The Selection of Data
Deborah, a third-year graduate student, and Kamala, a postdoctoral fellow, have made a series of measurements on a new experimental semiconductor material using an expensive neutron test at a national laboratory. When they return to their own laboratory and examine the data, a newly proposed mathematical explanation of the semiconductor’s behavior predicts results indicated by a curve.
During the measurements at the national laboratory, Deborah and Kamala observed electrical power fluctuations that they could not control or predict were affecting their detector. They suspect the fluctuations affected some of their measurements, but they don’t know which ones.
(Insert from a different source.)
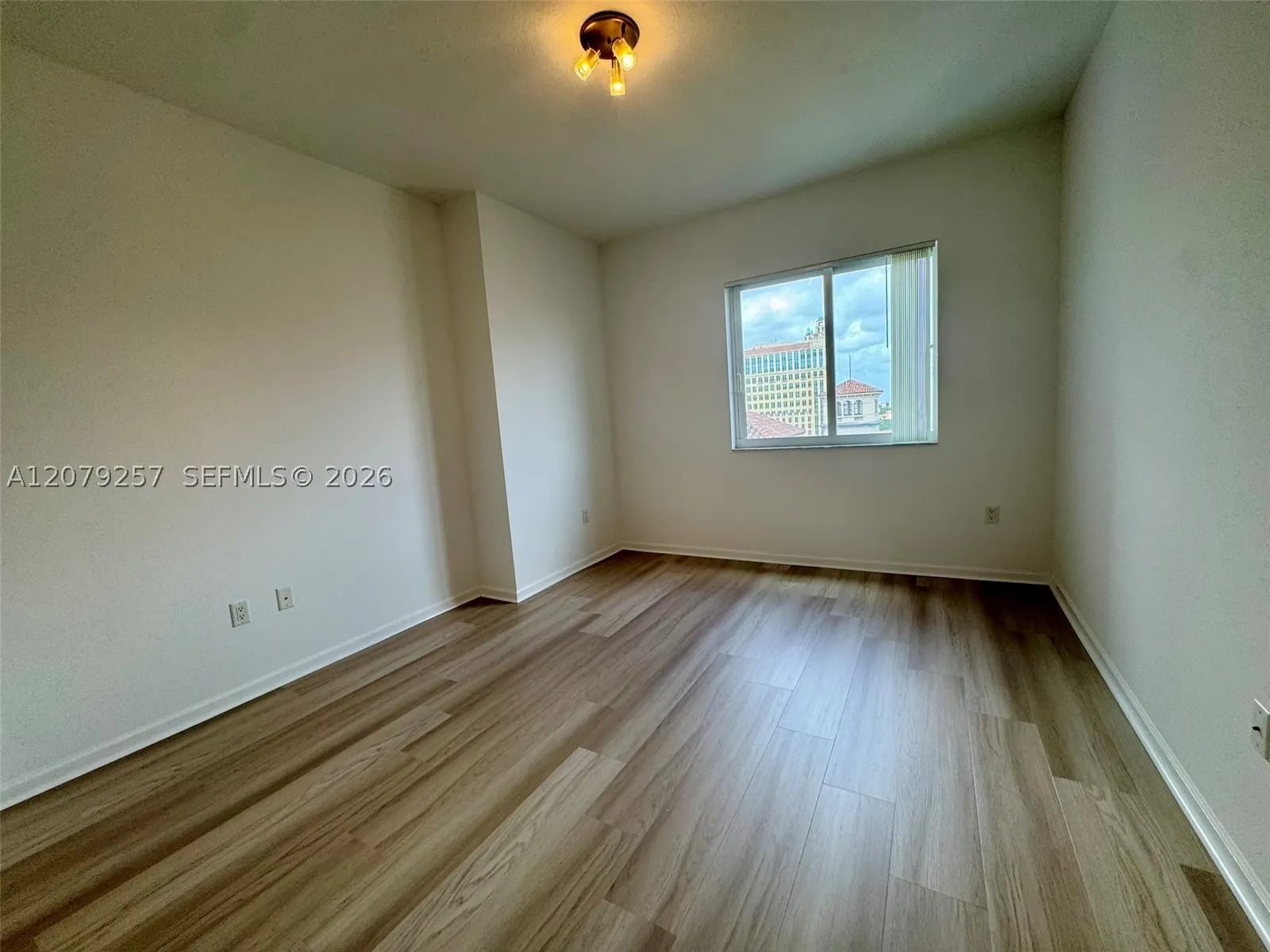 10 Aragon Ave #1008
When Deborah and Kamala begin to write up their results to present at a lab meeting, which they know will be the first step in preparing a publication, Kamala suggests dropping two anomalous data points near the horizontal axis from the graph they are preparing. She says that due to their deviation from the theoretical curve, the low data points were obviously caused by the power fluctuations. Furthermore, the deviations were outside the expected error bars calculated for the remaining data points.
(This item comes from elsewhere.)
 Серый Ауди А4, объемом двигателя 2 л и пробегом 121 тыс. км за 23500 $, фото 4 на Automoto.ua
Deborah is concerned that dropping the two points could be seen as manipulating the data. She and Kamala could not be sure that any of their data points, if any, were affected by the power fluctuations. They also did not know if the theoretical prediction was valid. She wants to do a separate analysis that includes the points and discuss the issue in the lab meeting. But Kamala says that if they include the data points in their talk, others will think the issue important enough to discuss in a draft paper, which will make it harder to get the paper published. Instead, she and Deborah should use their professional judgment to drop the points now.